* Problem:
Repeat, exactly as written, the lines from the one with "Regizorul sârb Momčilo" to the final line of the listing, and keep every picture out.

····················

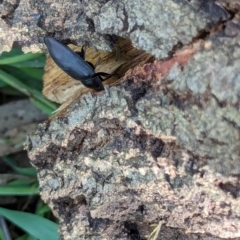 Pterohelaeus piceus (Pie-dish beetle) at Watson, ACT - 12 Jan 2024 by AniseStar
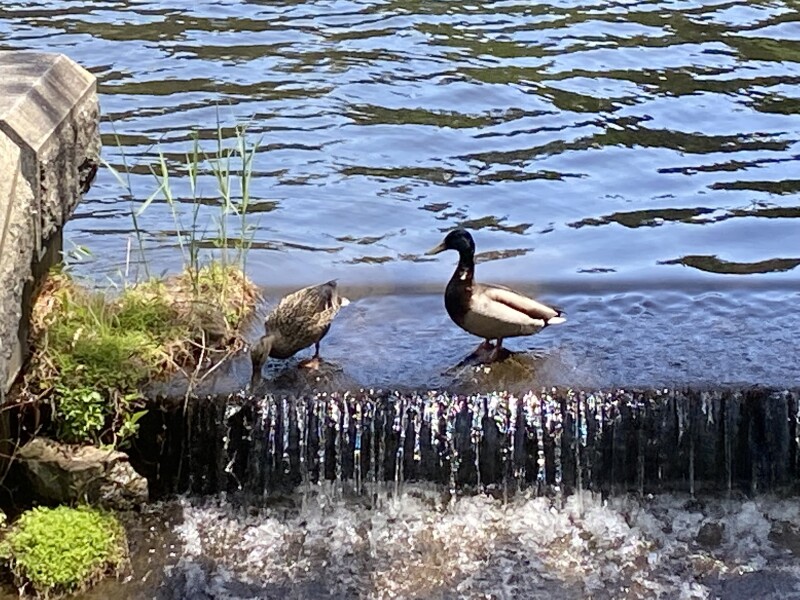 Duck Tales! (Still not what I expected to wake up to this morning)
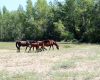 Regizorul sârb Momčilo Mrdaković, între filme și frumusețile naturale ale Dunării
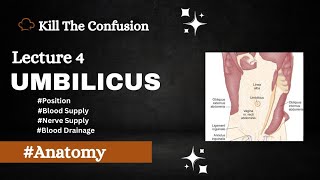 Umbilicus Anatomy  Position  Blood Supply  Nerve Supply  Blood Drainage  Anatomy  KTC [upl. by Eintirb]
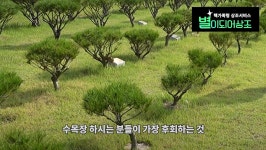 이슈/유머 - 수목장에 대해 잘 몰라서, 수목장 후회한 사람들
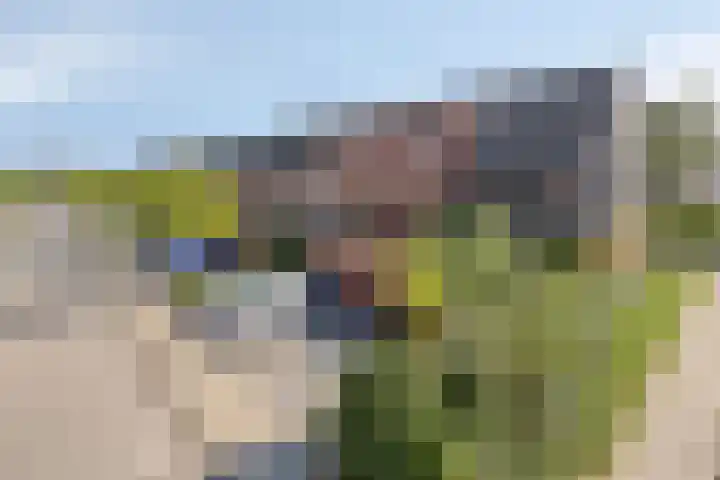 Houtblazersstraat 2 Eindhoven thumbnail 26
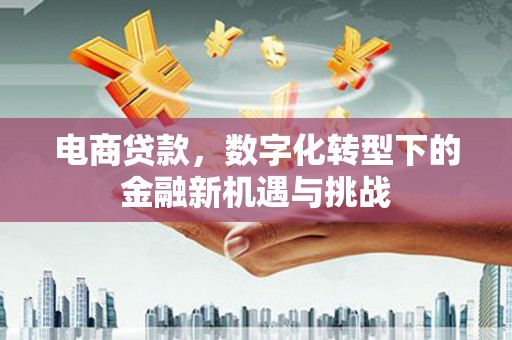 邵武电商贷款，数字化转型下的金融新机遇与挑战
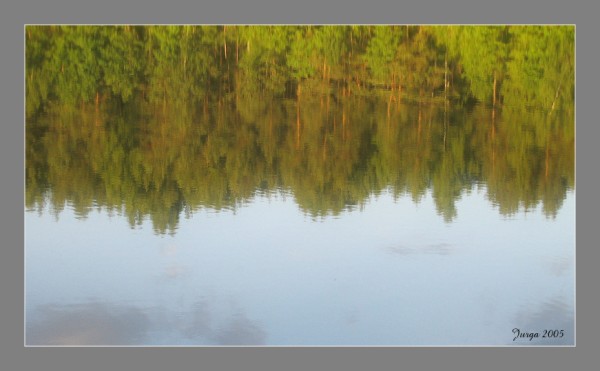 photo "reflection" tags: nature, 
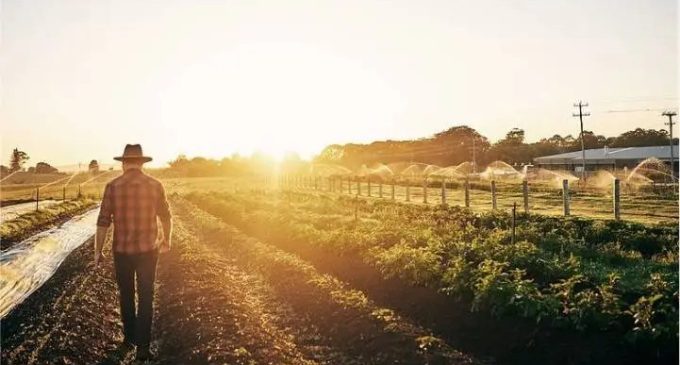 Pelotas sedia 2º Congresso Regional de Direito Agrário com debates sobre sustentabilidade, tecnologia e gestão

····················

* Completed exercise:
 Regizorul sârb Momčilo Mrdaković, între filme și frumusețile naturale ale Dunării
 Umbilicus Anatomy  Position  Blood Supply  Nerve Supply  Blood Drainage  Anatomy  KTC [upl. by Eintirb]
 이슈/유머 - 수목장에 대해 잘 몰라서, 수목장 후회한 사람들
 Houtblazersstraat 2 Eindhoven thumbnail 26
 邵武电商贷款，数字化转型下的金融新机遇与挑战
 photo "reflection" tags: nature, 
 Pelotas sedia 2º Congresso Regional de Direito Agrário com debates sobre sustentabilidade, tecnologia e gestão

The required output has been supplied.